== Data for review ==
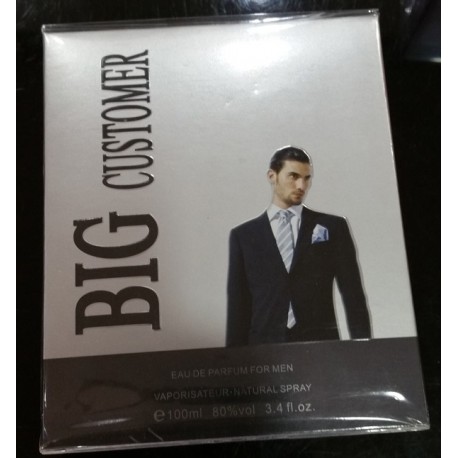 Big Customer For man Eau De Parfum 100 ML - Close 2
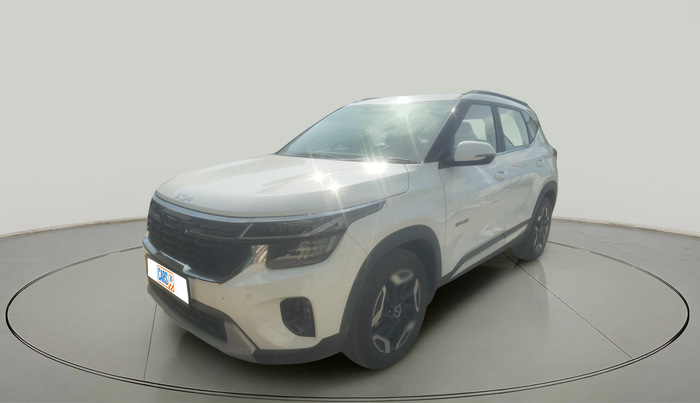 2024 KIA SELTOS Gravity 1.5 Petrol MT, Petrol, Manual, 10,500 km, exterior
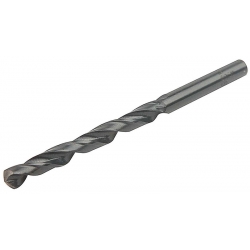 Wiertło czarne do metalu HSS 4,8 mm TOLSEN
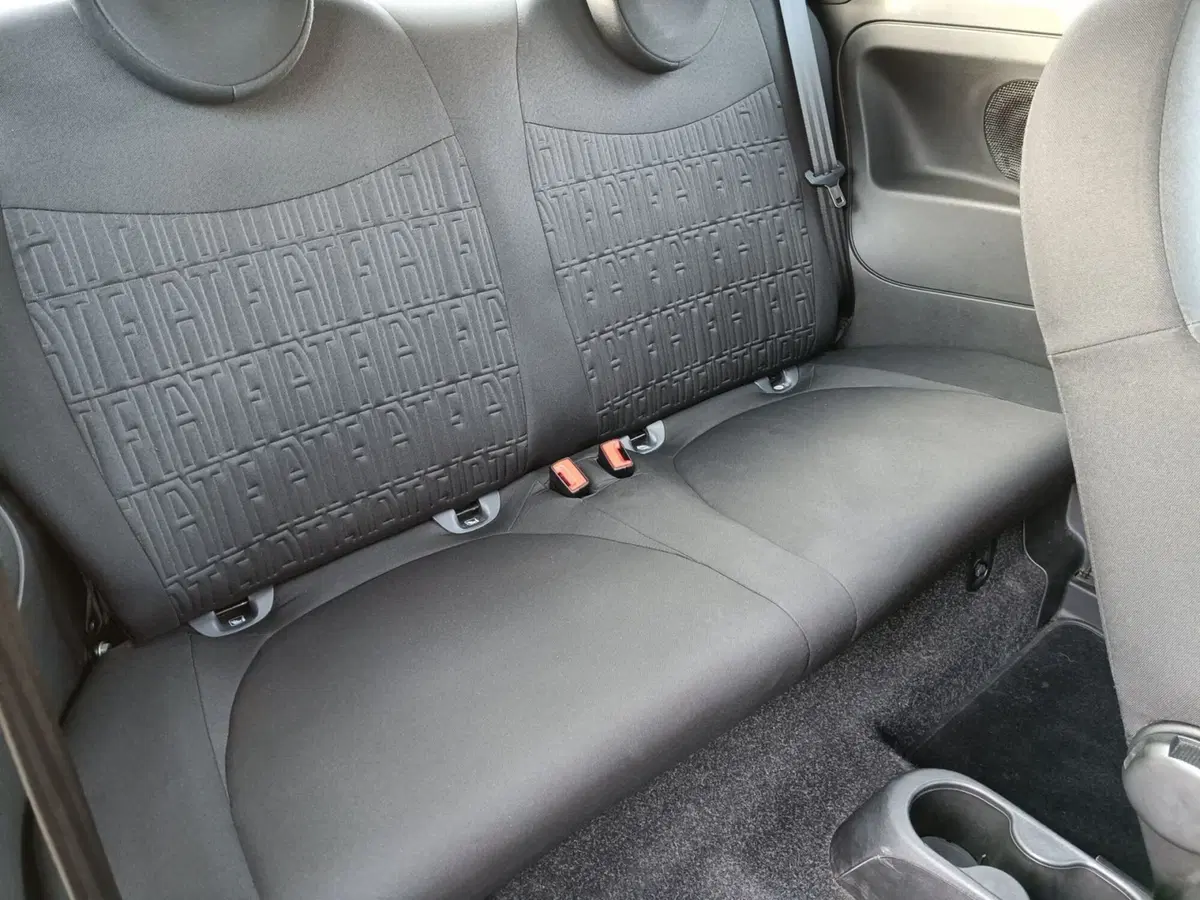 Fiat 500 usata a Prato (13)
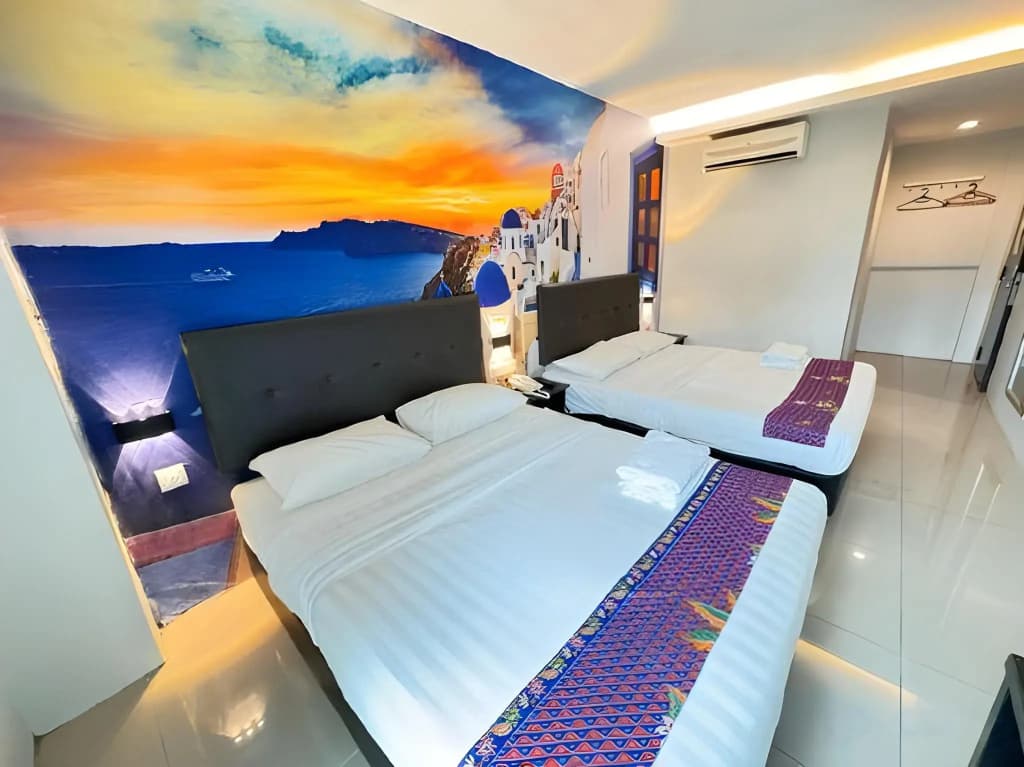 Best View Hotel Sunway Mentari - photo 7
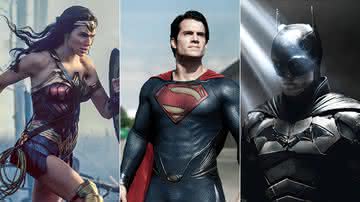 DC pode ter "guru" à la Kevin Feige após fusão entre WarnerMedia e Discovery - Divulgação/Warner Bros.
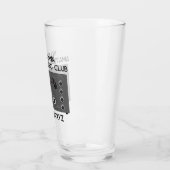 Classic National NC-183D Radio Transceiver Glas (Links)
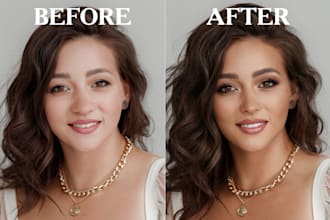 create enhanced beauty photography for your social media and instagram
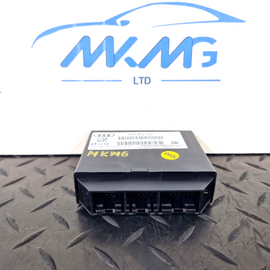 10-17 AUDI A8 4H AMBIENT LIGHTING LIGHT CONTROL MODULE ECU 4H0907412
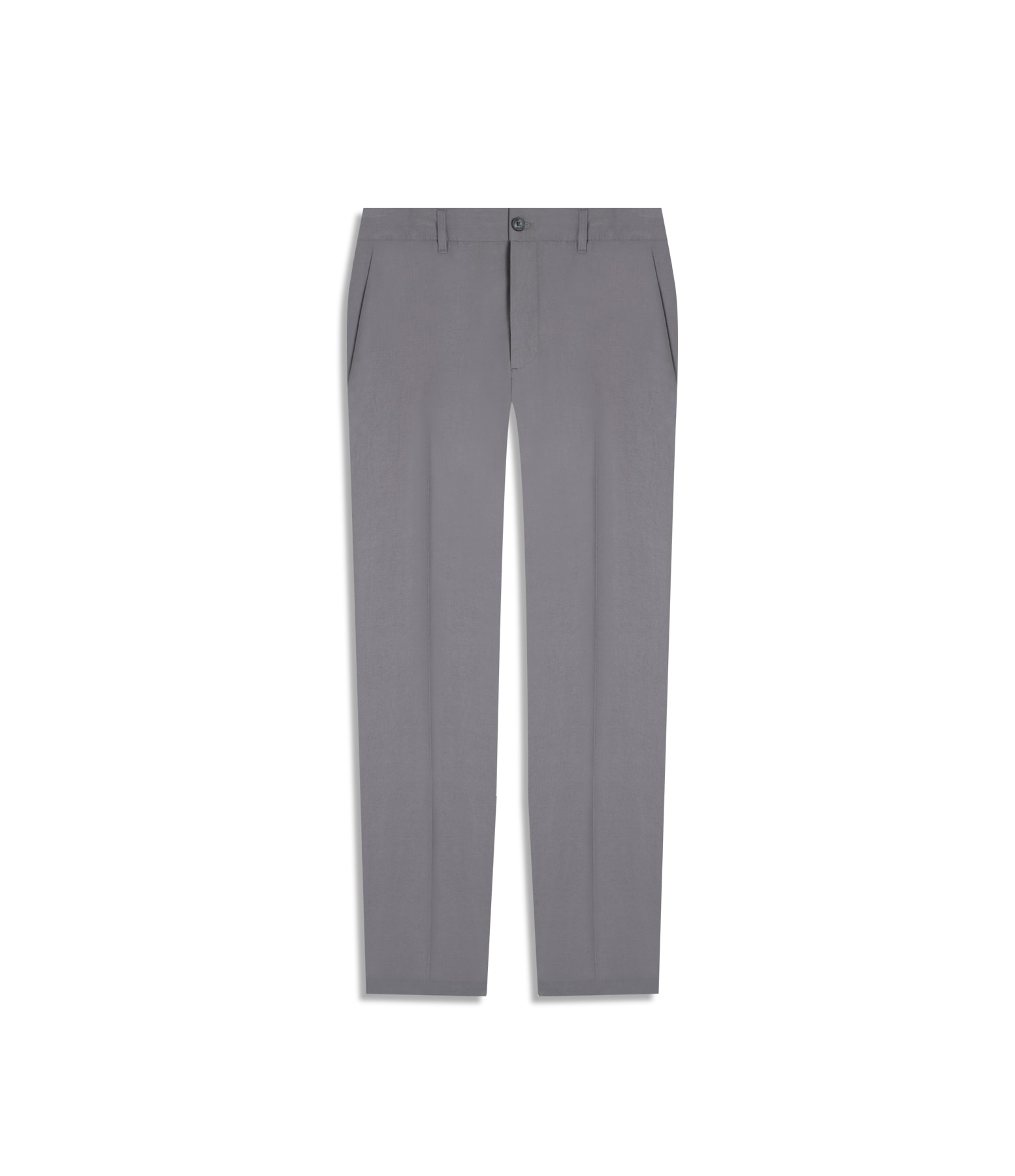 Calça Linho  Chino Classic Marant Prata
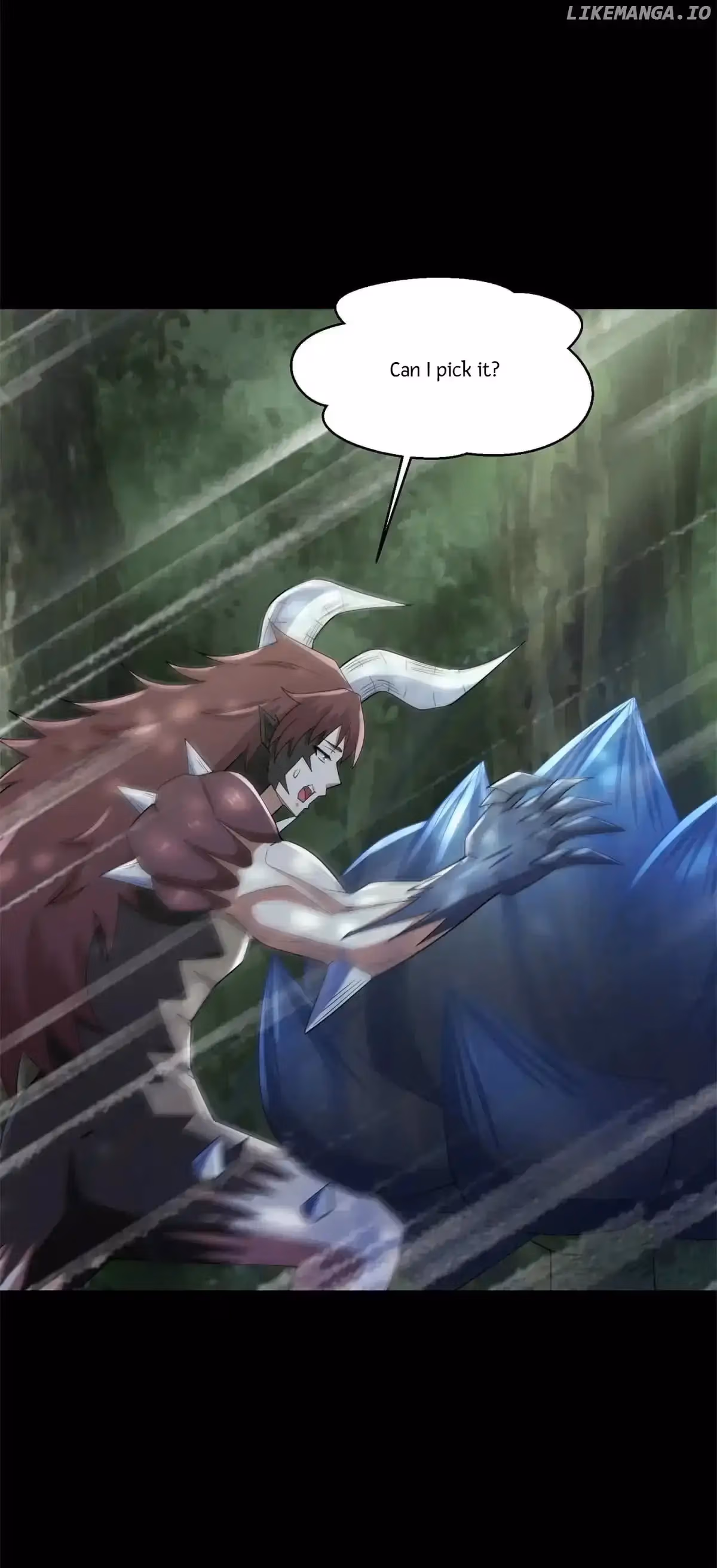 Read Apocalypse Savior chapter 655 image 12 on Lezhin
===
### [Required work]
Lines from the start of the listing above through the line holding "DC pode ter" are to be duplicated exactly, and nothing more; leave out the pictures.

### [Problem solution]
 Big Customer For man Eau De Parfum 100 ML - Close 2
 2024 KIA SELTOS Gravity 1.5 Petrol MT, Petrol, Manual, 10,500 km, exterior
 Wiertło czarne do metalu HSS 4,8 mm TOLSEN
 Fiat 500 usata a Prato (13)
 Best View Hotel Sunway Mentari - photo 7
 DC pode ter "guru" à la Kevin Feige após fusão entre WarnerMedia e Discovery - Divulgação/Warner Bros.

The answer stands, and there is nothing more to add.